Date: Tue, 14 Jul 92 14:12:36 ED3.569 Phonology: Assimilation, Dissimilation, Natural
From: <Alexis_Manaster_RamerMTS.cc.Wayne.edu>
Subject: 3.569 Phonology: Assimilation, Dissimilation, Natural

Dr. Gladney response (3.569) to my posting on Polish voicing
assimilation (3.511) says that I was wrong to claim that ALL
voiced fricatives devoice after voiceless obstruents. However,
his example of dialectal /gzwo/ 'shirt', etymologically perhaps
from /kuzlo/ (with short /u/) is surely irrelevant, since this
form arose centuries ago, whereas my claims are about the modern
language (I could also quibble about the fact that, since this
belongs to some dialect which is quite foreign to me, it is
also irrelevant for that reason). On the other hand, the
evidence that I have (which involves Polish speakers mispronouncing
foreign words) does bear on the synchronic situation.

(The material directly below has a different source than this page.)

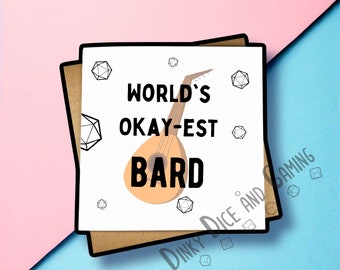 World's Okayest Bard Card, Bard card, Bard gift, dnd card, dnd gift, dnd Bard , dungeons and dragons, birthday card,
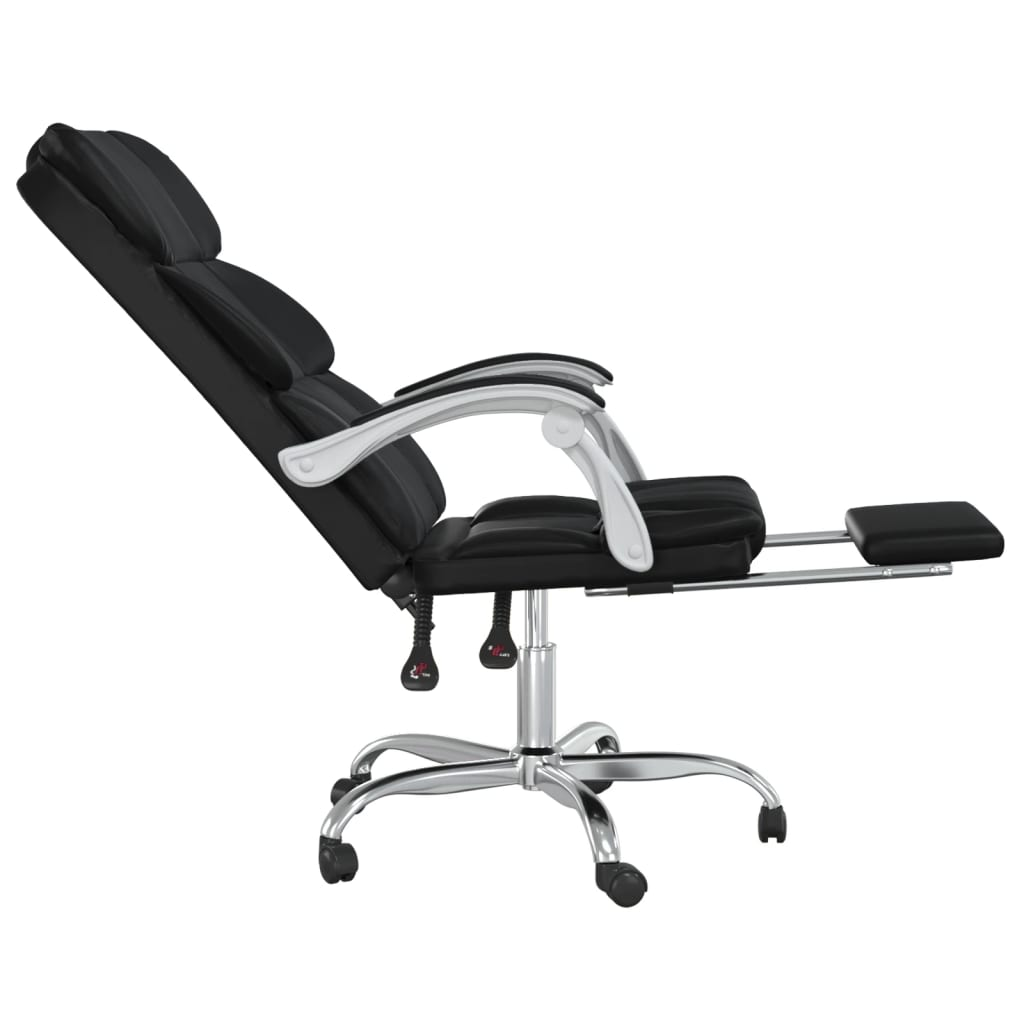 vidaXL Reclining Office Chair Black Faux Leather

I might add yet another argument. Since Polish has a phonemic
voiceless velar /x/ (actually it is usually frictionless, so 'x'
is the wrong symbol, but that does not matter here) but lacks
(for most speakers) a corresponding voiced sound, a good test
for my hypothesis involves foreign words with clusters of
/x/ + a voiced fricative. According to an experiment I did
with several speakers, WITHIN the boundaries of a morpheme,
such clusters will be pronounced with progressive assimilation,
including orthographic (that's how forms were presented to
speakers) 'Achziw', rendered with /xs/.